The response should repeat word for word every line below from the one with "Porcupine ray (Urogymnus" to the one with "Mc2 Saint Barth", inclusive, and nothing else; leave pictures out.

■ Material for the task:

————————

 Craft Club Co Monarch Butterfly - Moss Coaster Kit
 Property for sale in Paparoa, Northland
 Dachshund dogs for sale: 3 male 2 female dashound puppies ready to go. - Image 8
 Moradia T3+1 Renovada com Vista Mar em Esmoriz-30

————————

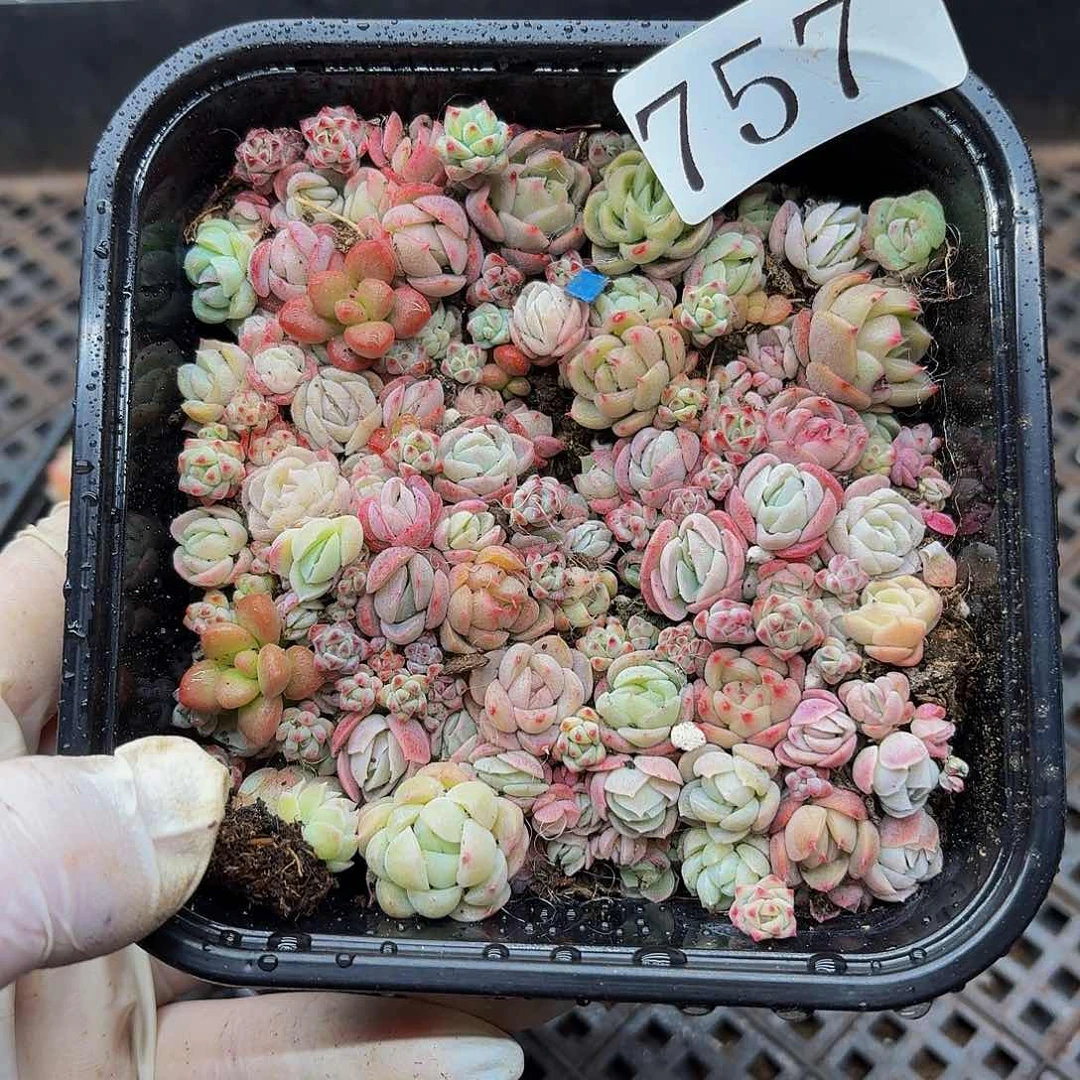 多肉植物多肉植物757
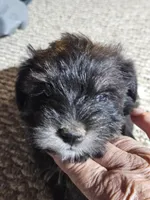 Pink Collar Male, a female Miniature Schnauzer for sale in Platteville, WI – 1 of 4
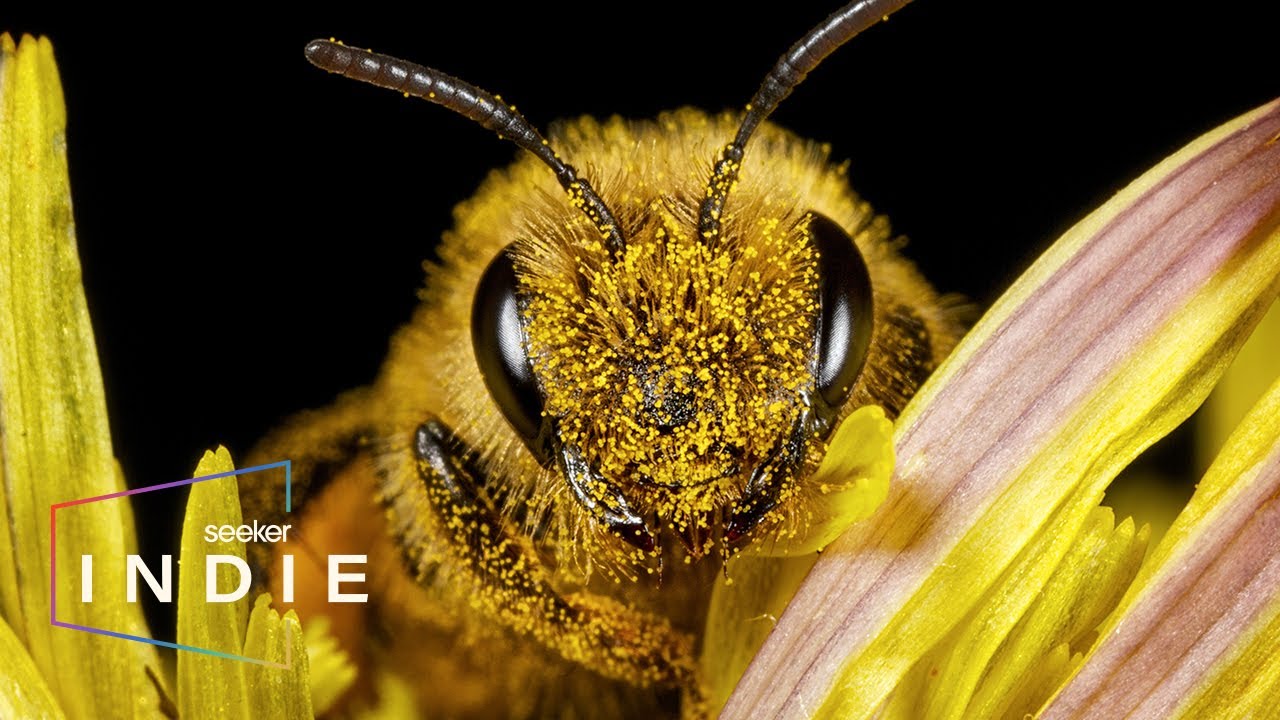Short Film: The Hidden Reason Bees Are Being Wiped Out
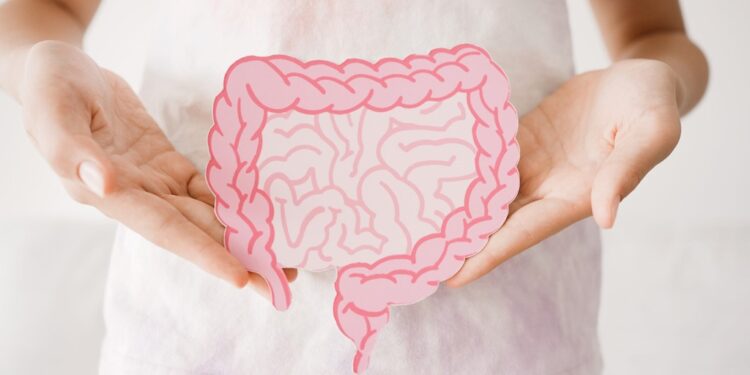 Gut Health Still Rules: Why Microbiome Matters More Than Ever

————————

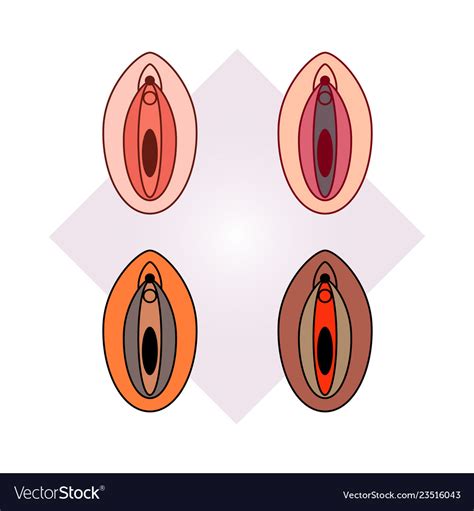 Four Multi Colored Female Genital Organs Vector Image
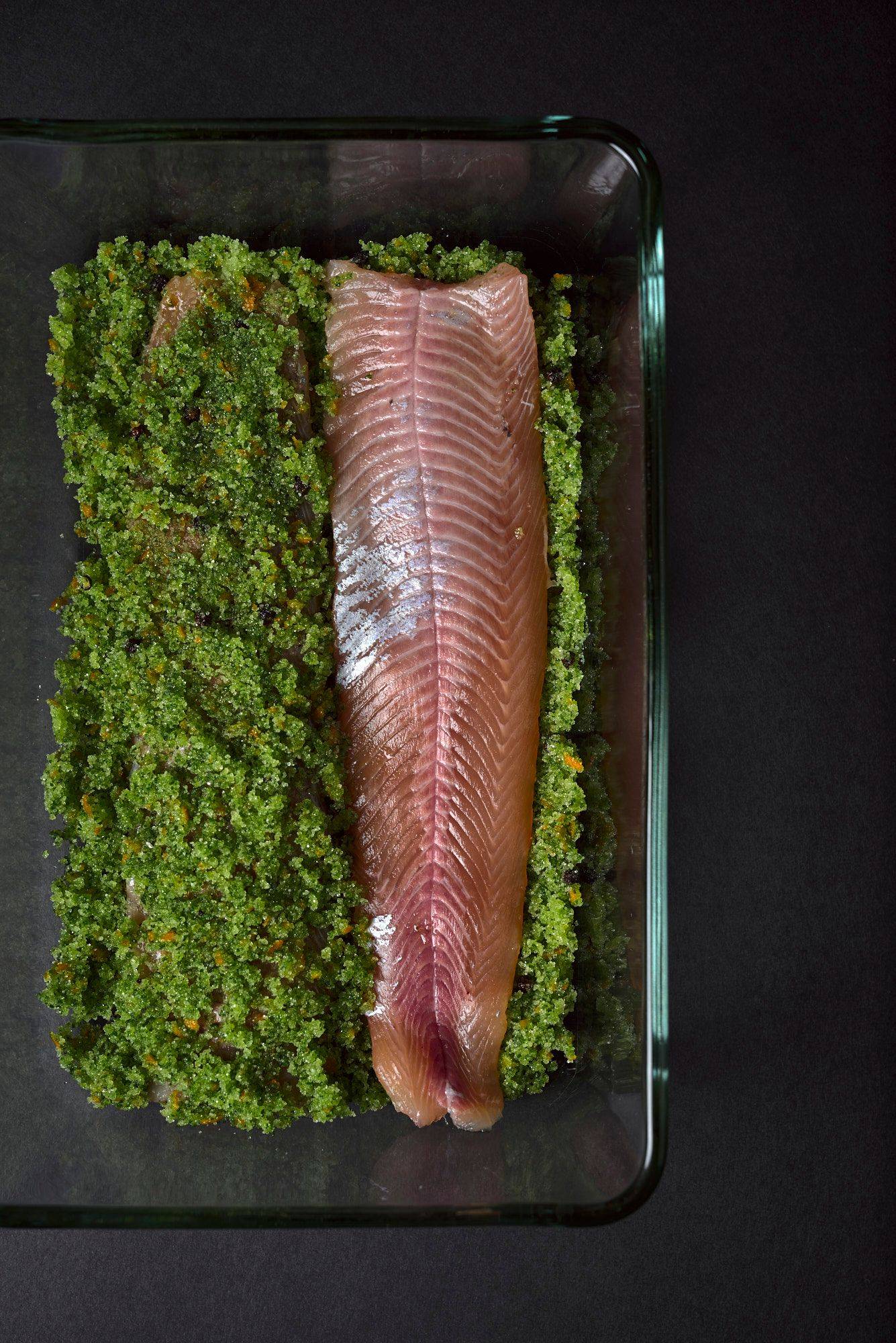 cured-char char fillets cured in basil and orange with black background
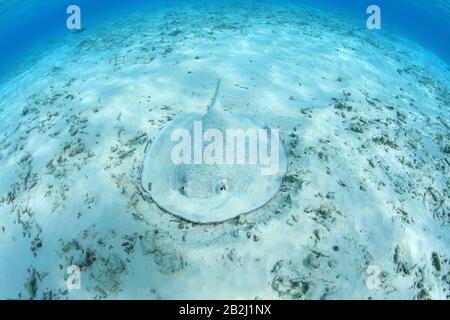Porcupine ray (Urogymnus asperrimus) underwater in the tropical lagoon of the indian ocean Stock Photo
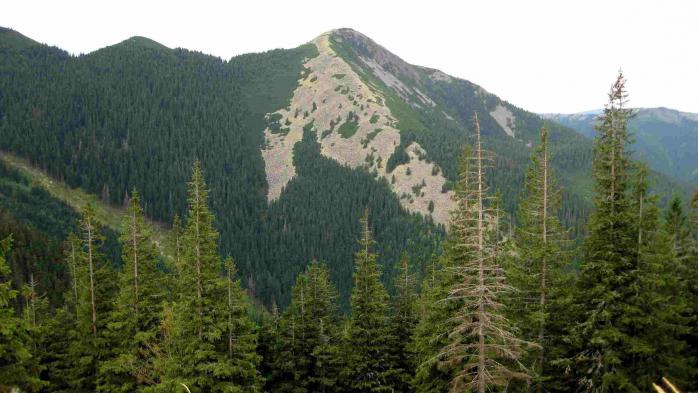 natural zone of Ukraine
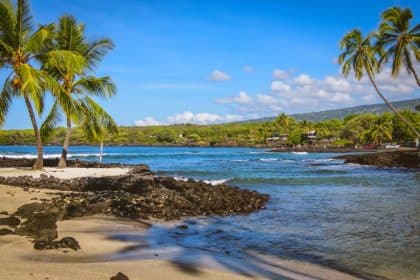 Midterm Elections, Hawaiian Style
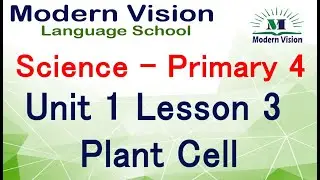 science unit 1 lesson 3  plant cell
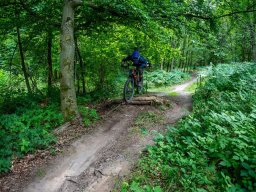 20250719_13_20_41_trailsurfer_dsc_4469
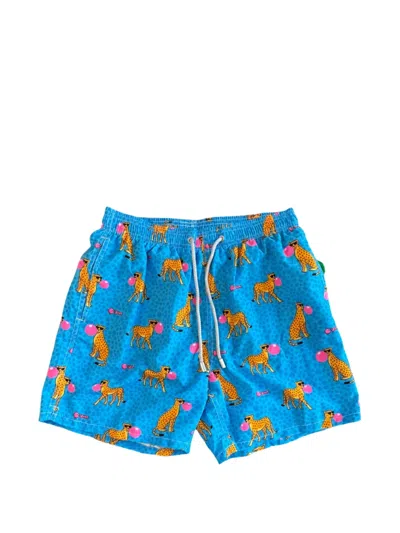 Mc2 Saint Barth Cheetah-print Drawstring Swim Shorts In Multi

————————

■ Response for this exercise:
Porcupine ray (Urogymnus asperrimus) underwater in the tropical lagoon of the indian ocean Stock Photo
 natural zone of Ukraine
 Midterm Elections, Hawaiian Style
 science unit 1 lesson 3  plant cell
 20250719_13_20_41_trailsurfer_dsc_4469
 Mc2 Saint Barth Cheetah-print Drawstring Swim Shorts In Multi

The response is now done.